§ Task statement: The reply should hold only the lines from the one with "In this final" to the one with "I'm going to be", both ends kept, exactly as they appear below, without any pictures.

§ Listed entries:
++++

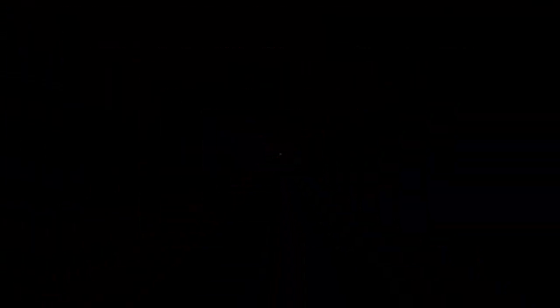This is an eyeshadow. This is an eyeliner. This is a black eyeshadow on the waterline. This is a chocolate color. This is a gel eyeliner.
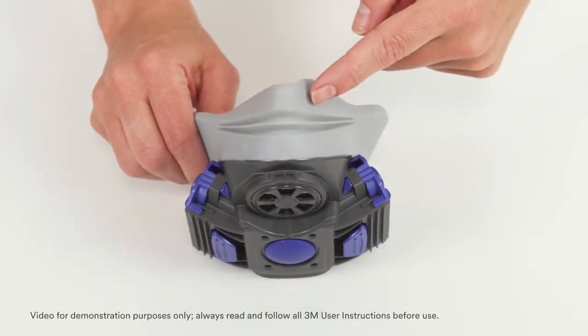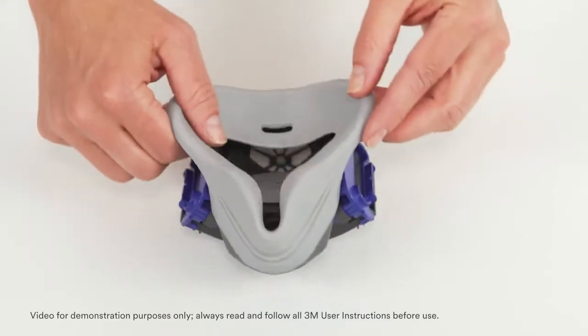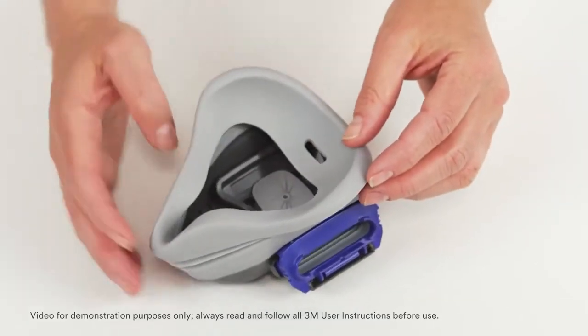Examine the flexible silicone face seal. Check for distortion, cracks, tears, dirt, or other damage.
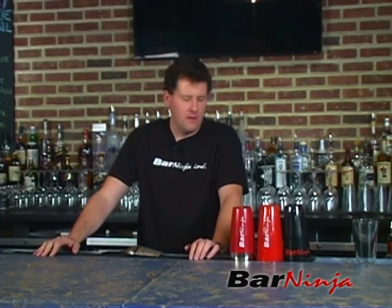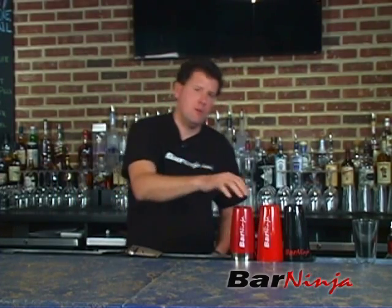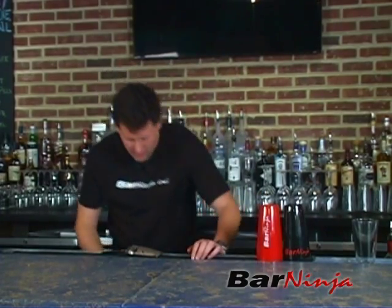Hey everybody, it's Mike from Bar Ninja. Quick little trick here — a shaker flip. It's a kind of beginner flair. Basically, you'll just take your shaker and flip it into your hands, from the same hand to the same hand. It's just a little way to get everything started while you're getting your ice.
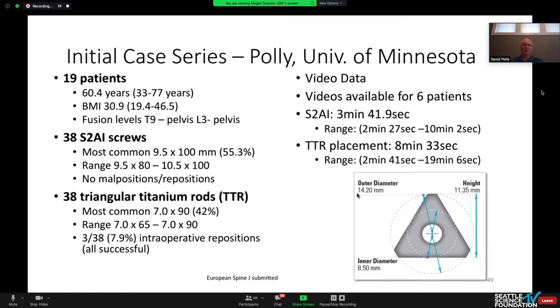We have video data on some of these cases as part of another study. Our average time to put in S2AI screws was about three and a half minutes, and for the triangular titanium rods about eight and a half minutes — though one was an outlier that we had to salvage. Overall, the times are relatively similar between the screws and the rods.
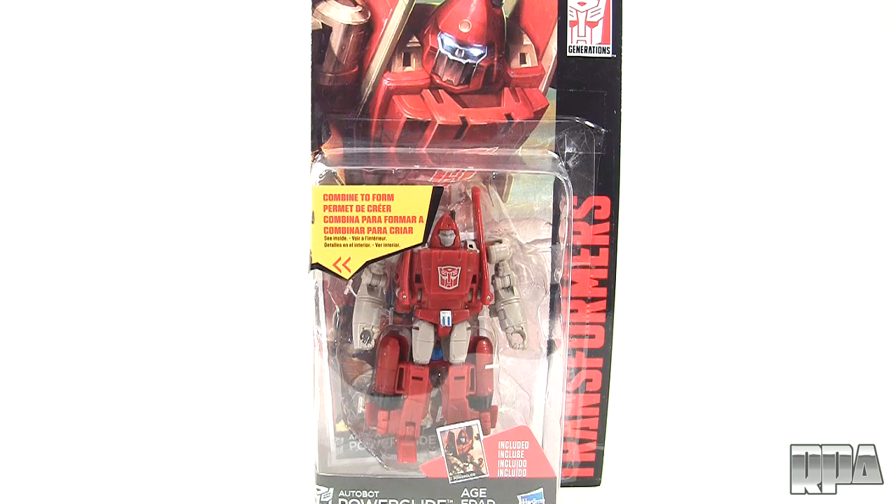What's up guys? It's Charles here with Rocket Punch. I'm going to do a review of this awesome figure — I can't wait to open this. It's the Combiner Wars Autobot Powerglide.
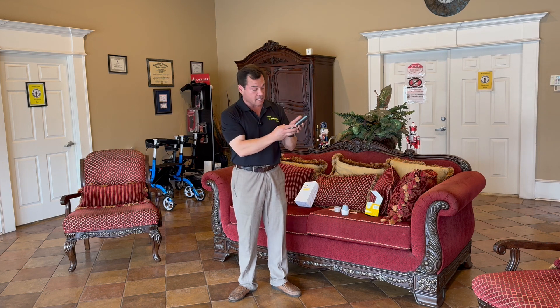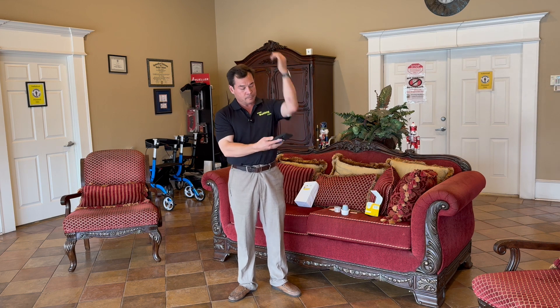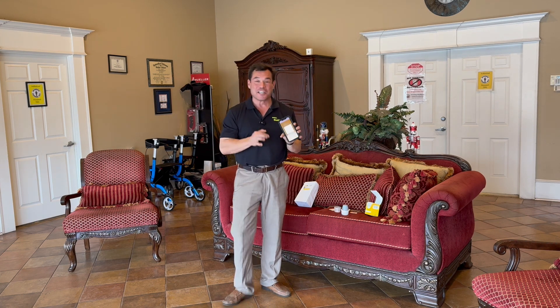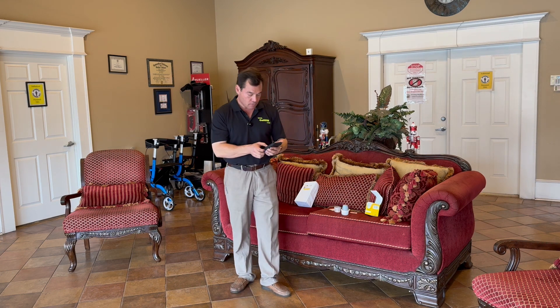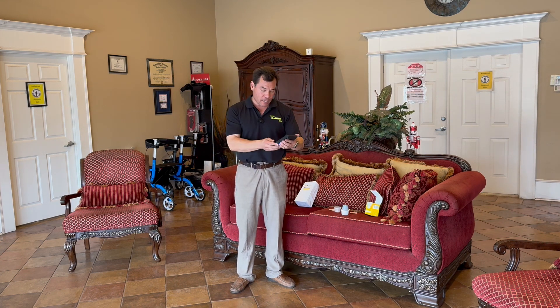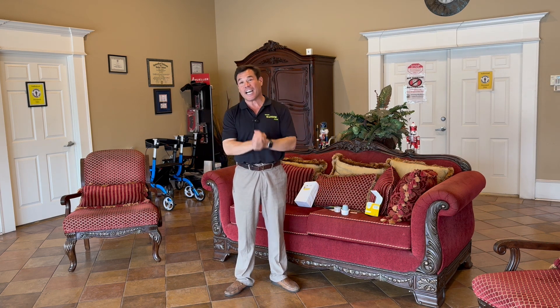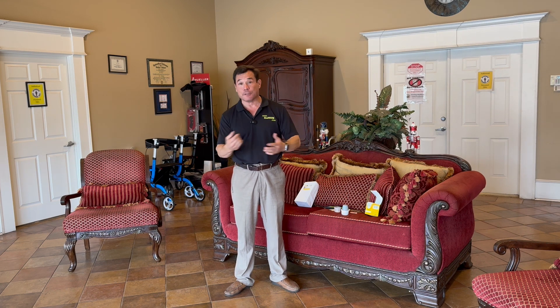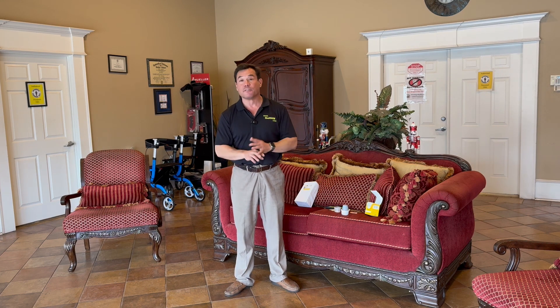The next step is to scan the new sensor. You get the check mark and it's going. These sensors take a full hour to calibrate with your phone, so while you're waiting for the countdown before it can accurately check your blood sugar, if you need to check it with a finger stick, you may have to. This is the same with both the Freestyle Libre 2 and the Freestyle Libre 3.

++++

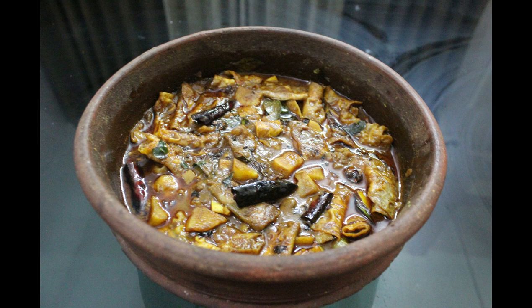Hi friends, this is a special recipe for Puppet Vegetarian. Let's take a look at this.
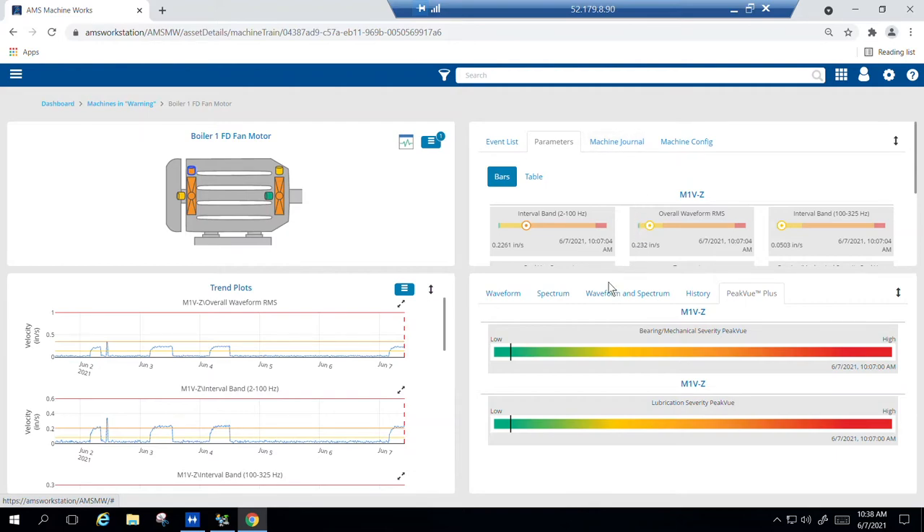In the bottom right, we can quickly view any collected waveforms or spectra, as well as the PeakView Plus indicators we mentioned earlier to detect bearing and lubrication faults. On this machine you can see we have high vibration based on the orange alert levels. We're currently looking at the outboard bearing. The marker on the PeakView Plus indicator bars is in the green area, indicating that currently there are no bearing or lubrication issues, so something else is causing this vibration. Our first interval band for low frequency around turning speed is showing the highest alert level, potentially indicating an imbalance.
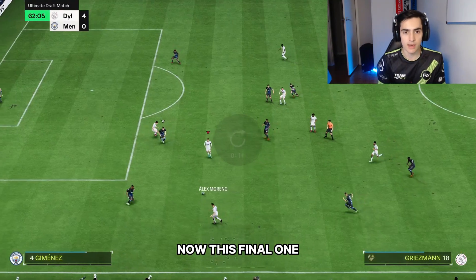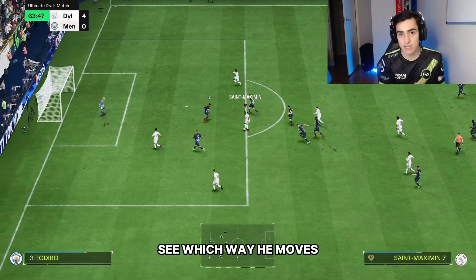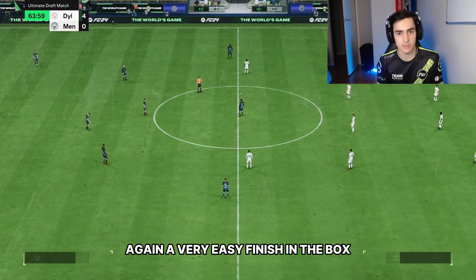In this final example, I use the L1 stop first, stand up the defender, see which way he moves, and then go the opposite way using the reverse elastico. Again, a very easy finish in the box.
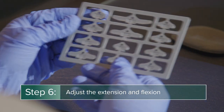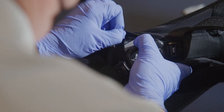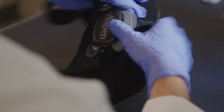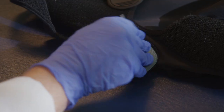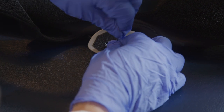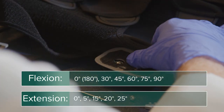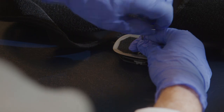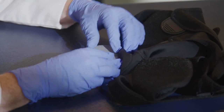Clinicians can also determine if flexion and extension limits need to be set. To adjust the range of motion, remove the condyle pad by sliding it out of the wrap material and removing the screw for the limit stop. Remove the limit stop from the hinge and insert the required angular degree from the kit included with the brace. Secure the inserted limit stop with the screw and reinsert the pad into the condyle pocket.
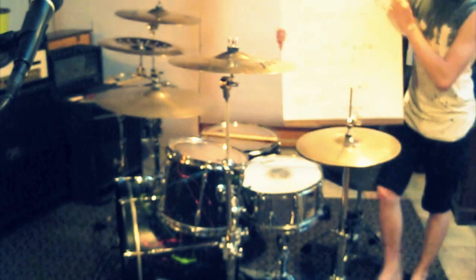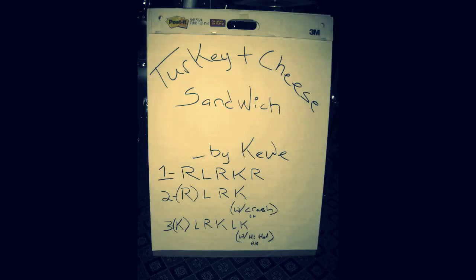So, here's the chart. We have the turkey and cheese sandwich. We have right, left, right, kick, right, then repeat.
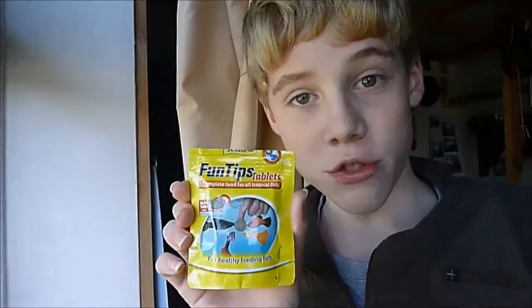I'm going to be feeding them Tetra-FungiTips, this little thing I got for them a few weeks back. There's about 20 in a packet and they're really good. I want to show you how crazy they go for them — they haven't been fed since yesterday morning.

++++

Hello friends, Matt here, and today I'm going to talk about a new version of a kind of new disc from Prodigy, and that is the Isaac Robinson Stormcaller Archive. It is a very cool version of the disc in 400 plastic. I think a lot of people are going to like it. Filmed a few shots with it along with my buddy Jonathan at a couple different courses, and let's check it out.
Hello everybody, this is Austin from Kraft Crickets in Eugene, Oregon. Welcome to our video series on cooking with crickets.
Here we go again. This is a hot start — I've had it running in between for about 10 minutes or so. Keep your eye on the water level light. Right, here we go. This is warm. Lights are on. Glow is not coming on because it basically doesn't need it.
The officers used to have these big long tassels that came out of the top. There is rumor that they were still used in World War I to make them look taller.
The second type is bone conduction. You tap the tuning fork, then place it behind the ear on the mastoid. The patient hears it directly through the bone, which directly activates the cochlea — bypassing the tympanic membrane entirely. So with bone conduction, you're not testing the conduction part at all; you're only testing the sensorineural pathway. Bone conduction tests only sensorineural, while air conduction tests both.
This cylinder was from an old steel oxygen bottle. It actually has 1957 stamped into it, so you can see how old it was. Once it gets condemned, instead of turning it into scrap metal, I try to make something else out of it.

++++

§ Reply to the task:
In this final example, I use the L1 stop first, stand up the defender, see which way he moves, and then go the opposite way using the reverse elastico. Again, a very easy finish in the box.
Clinicians can also determine if flexion and extension limits need to be set. To adjust the range of motion, remove the condyle pad by sliding it out of the wrap material and removing the screw for the limit stop. Remove the limit stop from the hinge and insert the required angular degree from the kit included with the brace. Secure the inserted limit stop with the screw and reinsert the pad into the condyle pocket.
So, here's the chart. We have the turkey and cheese sandwich. We have right, left, right, kick, right, then repeat.
I'm going to be feeding them Tetra-FungiTips, this little thing I got for them a few weeks back. There's about 20 in a packet and they're really good. I want to show you how crazy they go for them — they haven't been fed since yesterday morning.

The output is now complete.